(Beginning of Information shown)

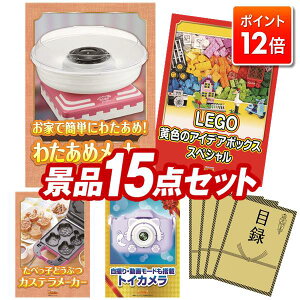 |Cg12{11/20 20:00`vGg[IYNii 15_Zbg pl ؖژ^ rS  I 񎟉 YN VN StRy iiZbg y킽߃[J[ALEGONV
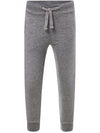 CHILDREN’S PREMIUM SWEATPANTS - GM / 1-2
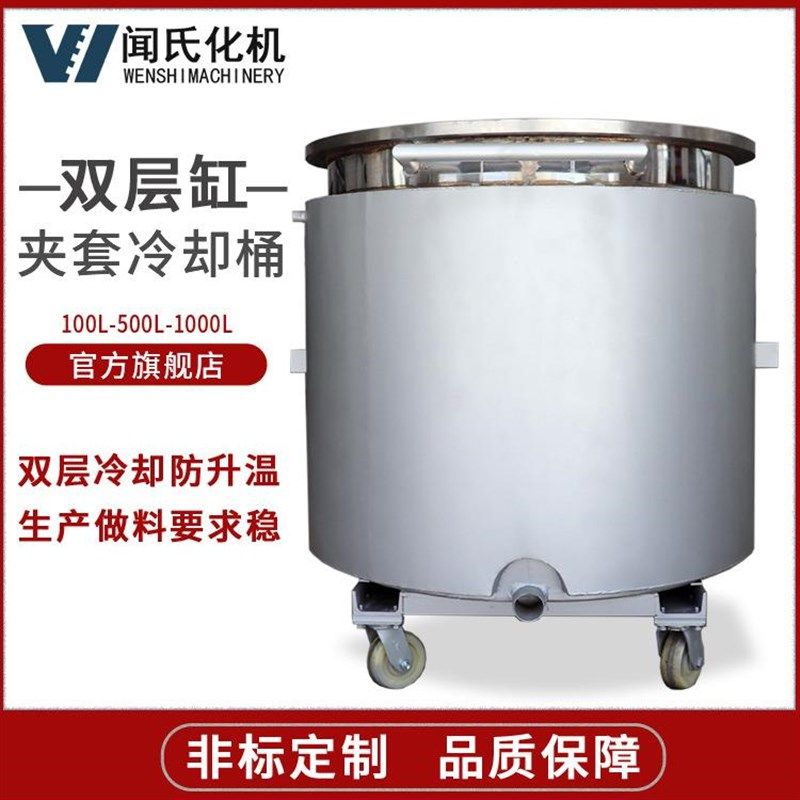 304不锈钢双层夹套冷却缸化工油漆涂料搅拌L桶500L加厚液体分散缸,清洗/食品/商业设备,奶罐/储罐,淘宝优惠券,粉丝福利购,淘宝优惠卷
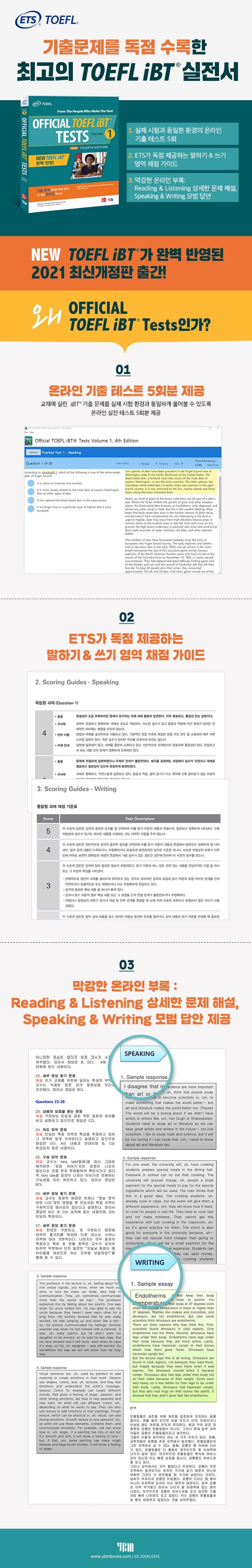 Official TOEFL iBT Tests Volume 1 상세 이미지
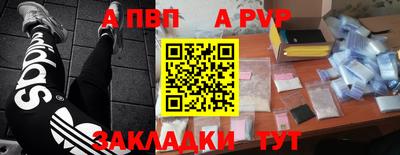 a pvp Бузулук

(End of Information shown)

What is expected:
The listing is to be repeated exactly, with its pictures removed.

Expected answer:
 |Cg12{11/20 20:00`vGg[IYNii 15_Zbg pl ؖژ^ rS  I 񎟉 YN VN StRy iiZbg y킽߃[J[ALEGONV
 CHILDREN’S PREMIUM SWEATPANTS - GM / 1-2
 304不锈钢双层夹套冷却缸化工油漆涂料搅拌L桶500L加厚液体分散缸,清洗/食品/商业设备,奶罐/储罐,淘宝优惠券,粉丝福利购,淘宝优惠卷
 Official TOEFL iBT Tests Volume 1 상세 이미지
 a pvp Бузулук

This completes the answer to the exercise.